▶ [Aim of the exercise] No pictures belong in the copy, but every line of the material below must be reproduced exactly.

▶ [Data provided]
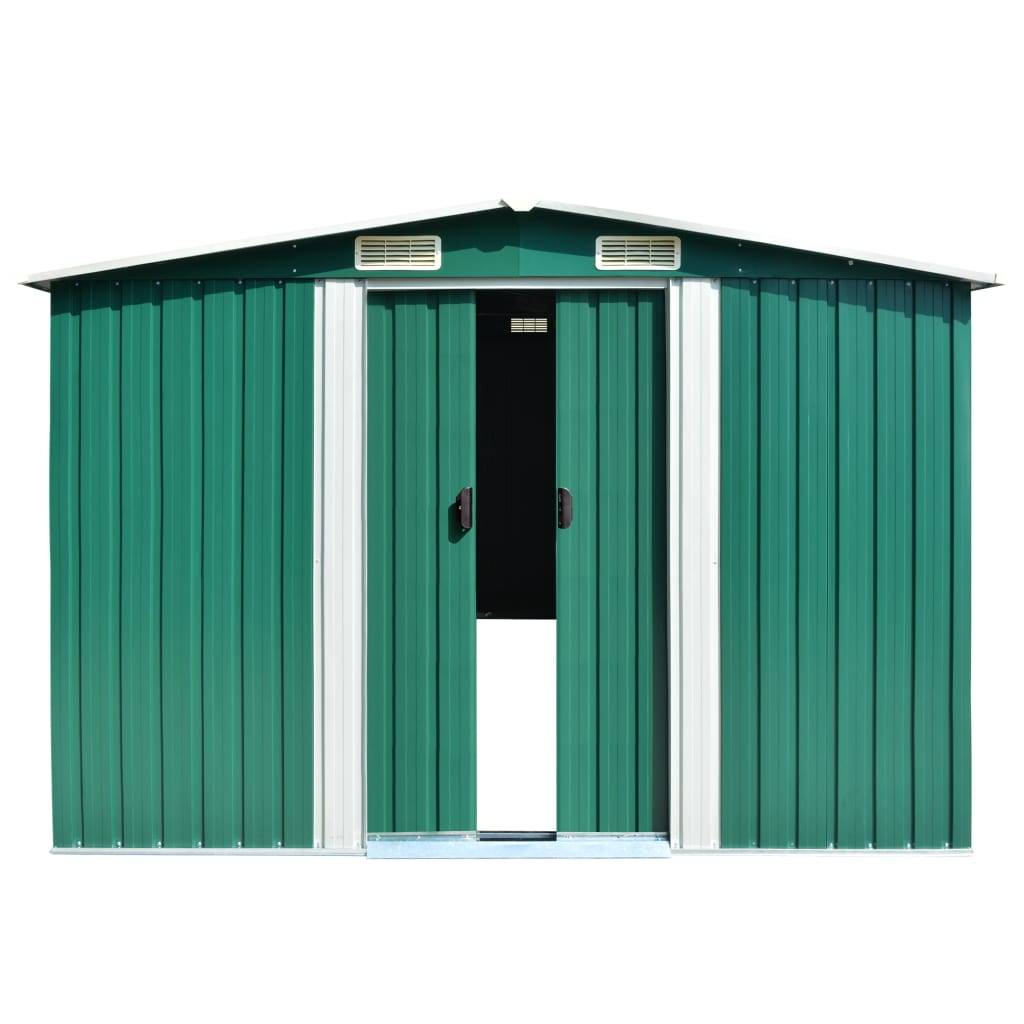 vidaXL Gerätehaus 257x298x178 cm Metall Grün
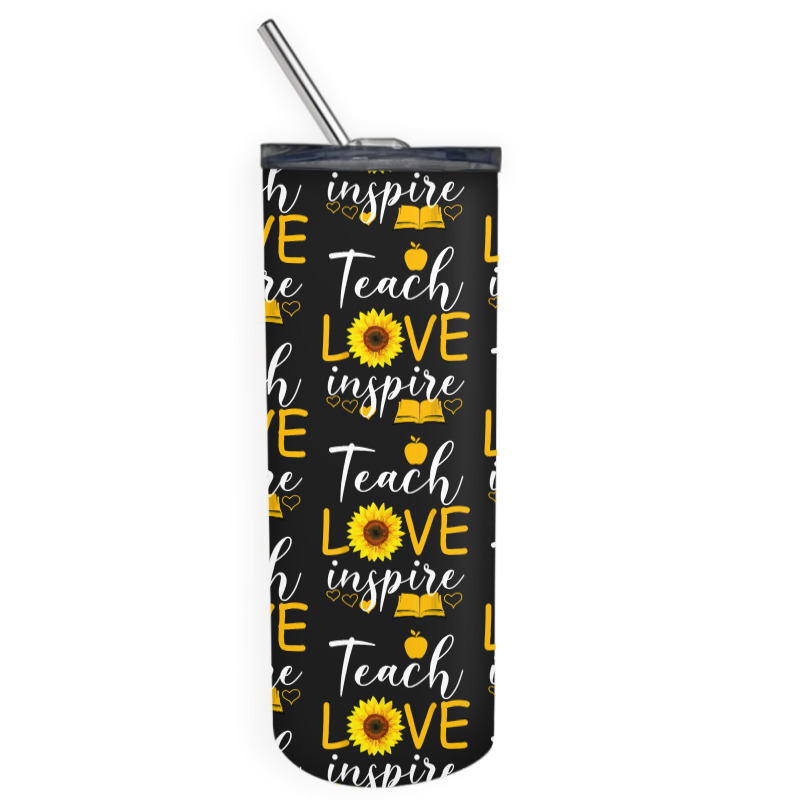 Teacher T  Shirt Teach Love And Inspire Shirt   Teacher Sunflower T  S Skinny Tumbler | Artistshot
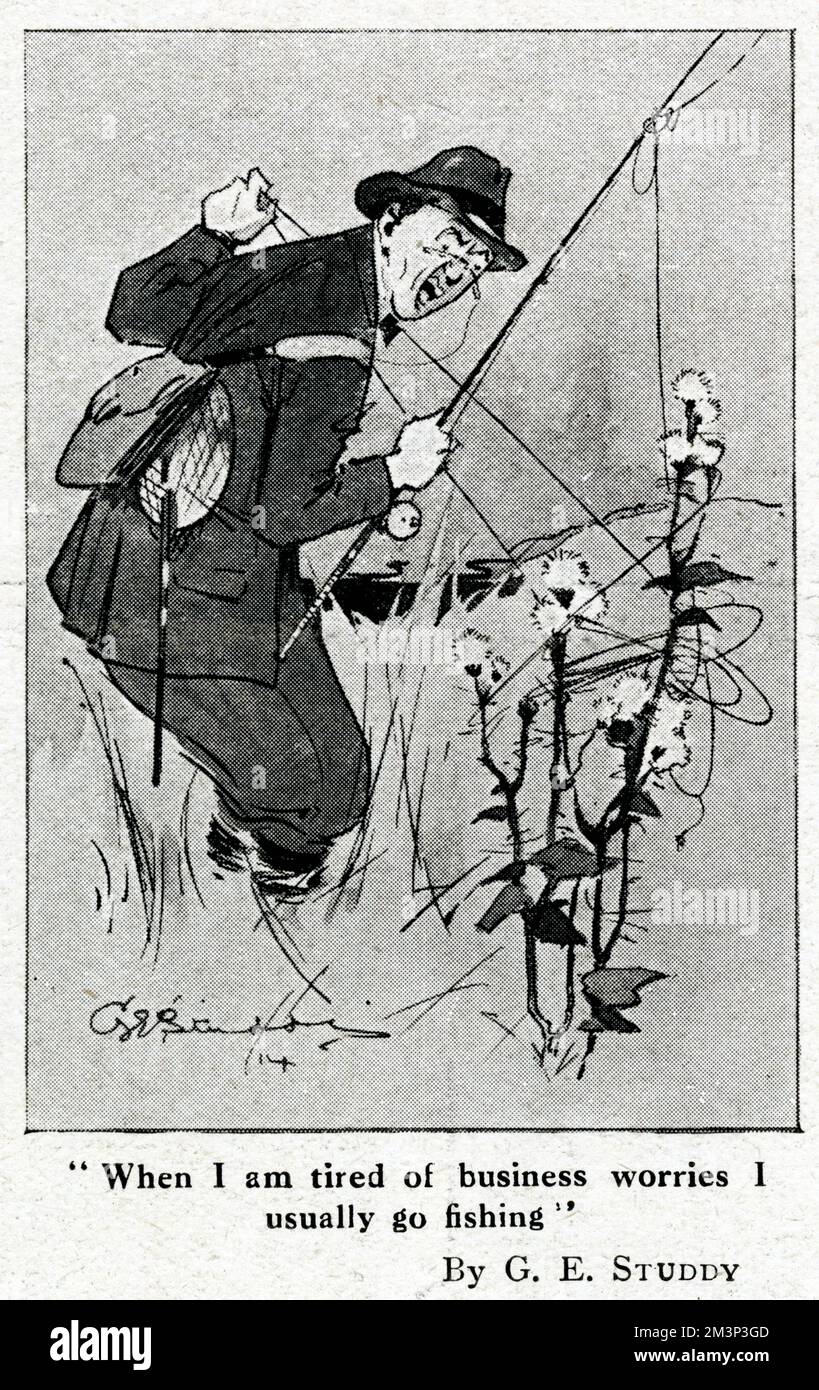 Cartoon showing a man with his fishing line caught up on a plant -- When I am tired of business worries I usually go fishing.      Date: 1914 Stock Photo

▶ [Response to this exercise]
 vidaXL Gerätehaus 257x298x178 cm Metall Grün
 Teacher T  Shirt Teach Love And Inspire Shirt   Teacher Sunflower T  S Skinny Tumbler | Artistshot
 Cartoon showing a man with his fishing line caught up on a plant -- When I am tired of business worries I usually go fishing.      Date: 1914 Stock Photo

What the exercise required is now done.